My own in-laws used to turn up uninvited, stay all day and it drove me crackers - I am someone who very much needs personal space. It did cause some discomfort when I had to get dh to get them to back off a bit. Which could have been avoided if they'd just thought it through a bit and not viewed my newborn as giving them a right to do whatever they wanted.

But importantly, they adored my kids and my kids likewise adored them. And that's important. So try to be a bit tolerant of the mad excitement (which is better than them not caring at all) but don't feel you have to let them run totally amok with no boundaries.

Re personal information - she can't share what she doesn't know. When you are in labour, keep it to yourself and announce the birth when you feel ready. Make sure your partner knows your wishes. If you don't want anyone putting updates on fb, then clearly state this. If they don't respect it, then make clear they won't be told anything in future if they can't be trusted.

Really everyone needs to meet in the middle a bit.

No, the mother doesn’t have to meet anyone in the middle.

Polite but firm boundaries are key.

ABirdsEyeView · 03/04/2024 20:39

Of course she does - these people are her partner's parents and her baby's grandparents. I'm not saying she shouldn't have boundaries - I used to insist on agreed visits, no dropping in for hours, uninvited, not giving the kids constant sweets etc, but I strongly believe she does need to have a bit of tolerance for their excitement and to foster the relationship her in-laws have with her child. The baby's part of a wider family unit.

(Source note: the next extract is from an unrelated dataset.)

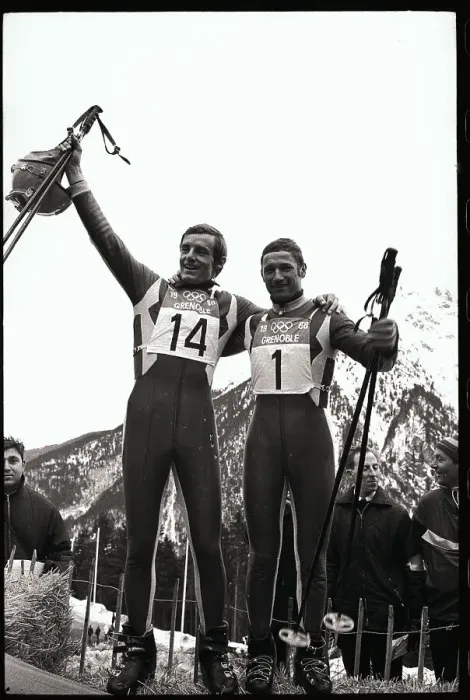 Framed Print : Olympic Skiers Celebrating Their Victory Framed Print : Olympic Skiers Celebrating Their Victory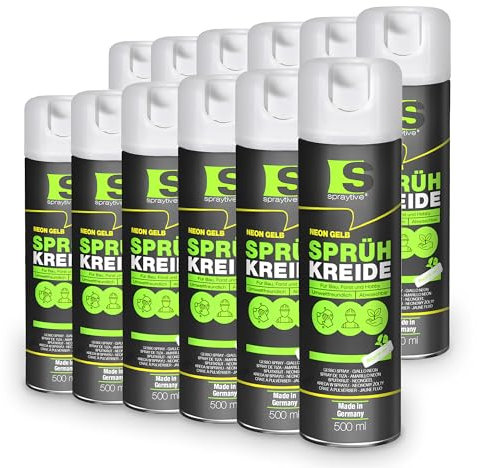 Spraytive Lot de 12 sprays de craie en spray de 500 ml - Jaune fluo - Lavable - Pour extérieur - Marquage de sol - Spray de marquage temporaire pour asphalte, herbe, béton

ChubbyMorticia · 10/04/2024 05:02

ABirdsEyeView · 03/04/2024 20:39

Of course she does - these people are her partner's parents and her baby's grandparents. I'm not saying she shouldn't have boundaries - I used to insist on agreed visits, no dropping in for hours, uninvited, not giving the kids constant sweets etc, but I strongly believe she does need to have a bit of tolerance for their excitement and to foster the relationship her in-laws have with her child. The baby's part of a wider family unit.

Uh, no, she really doesn’t.

If a woman can’t put herself first when she’s freshly postpartum, exactly when is she allowed to? Why do what the grandparents want matter more than she does?